Dachshunds are curious little dogs – sometimes referred to as sausage dogs or doxies, they are a popular breed for their look alone! However, these canines have more about them than an odd way of walking!
Whether you are already a fan of dachshunds or are thinking of getting one of your own in the near future, here are a few facts worth knowing before you get to know them personally! You’ll likely find dachshunds to be loyal pets. Here’s a file of interesting facts about dachshunds on what to expect from the pups.
- Dachshunds are amongst the first breeds to have ever been registered by the American Kennel Club. They were first seen on the register back in 1885.
- They’ve been around for centuries. In fact, they were first bred three centuries ago back in Germany.
- In fact, they weren’t originally bred to look cute or dopey – they were bred to hunt. They were bred to hunt badgers, hence their rough translation into German as ‘Badger Hounds’.

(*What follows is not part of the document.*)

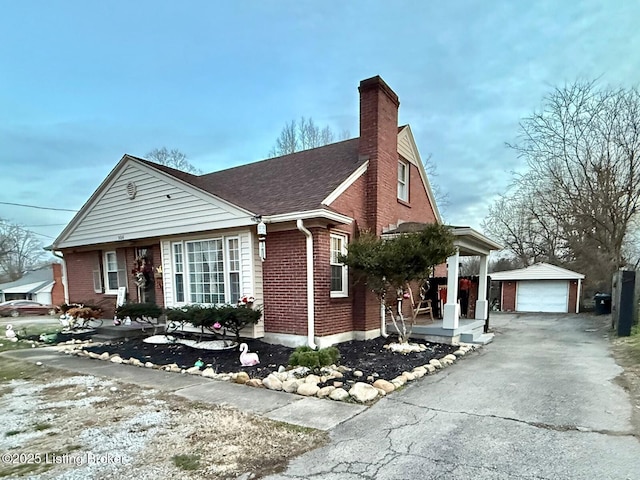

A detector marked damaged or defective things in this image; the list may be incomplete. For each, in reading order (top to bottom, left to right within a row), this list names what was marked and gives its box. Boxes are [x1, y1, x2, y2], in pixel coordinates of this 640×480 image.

- They were useful for hunting down badgers thanks to their short stature, and their sometimes fierce and feisty natures.
- Believe it or not, there are communities which race dachshunds, too. These races are generally started for fun, and it’s thought the trend traces all the way back to Australia back in the 1970s.
- There’s a regular race which takes place in San Diego. It’s called the Wienerschnitzel Wiener National!
- It’s not unheard of for German dog breeders to measure and class dachshunds based on the size of rabbit hole or tunnel they can dig into.
- Despite the fact that dachshunds look dopey, they can be vicious. It’s thought that they are actually some of the most aggressive breeds.
- A study undertaken in 2008 found that dachshunds were amongst the fiercer breeds towards other dogs as well as humans.
- Dachshunds have been cloned, too. In fact, the first ever dog to be cloned in the UK was a dachshund, by the name of Winnie.
- Winnie was cloned as a result of a competition. She was cloned through a skin sample, meaning that a ‘Mini Winnie’ now exists!
- It’s thought that dachshunds’ big ears come as a result of selective breeding. These ears help to keep the dogs free from grass and dirt that might lodge along a hunt.
- Bizarrely enough, there was a scheme set up by Nazis in World War I to encourage dachshunds to speak. Some believed that dachshunds could say ‘Mein Fuhrer’ – with one – allegedly – being able to complete such a feat.
- This highly suspect scheme was referred to as the ‘Hundespreschschule’, loosely translated as dog speaking school.
- Dachshunds are amongst the smallest dogs registered through the AKC. However, even the AKC recognizes that they are still amongst the fiercest!
- The USA tried to reclaim dachshunds for their own following years of German propaganda surrounding the dogs during wartime. They referred to them as ‘liberty dogs’.
- Dachshunds love to burrow, as is their innate, bred nature. This is why many owners find them burrowed beneath clothing!
- Dachshunds work well together when hunting, despite the fact that they are relatively small and light – compared to other hunting animals, in any case.
- Dachshunds can be unpredictable. Unfortunately, there have been cases where the dogs have sprung free from being held, only to cause themselves minor injuries.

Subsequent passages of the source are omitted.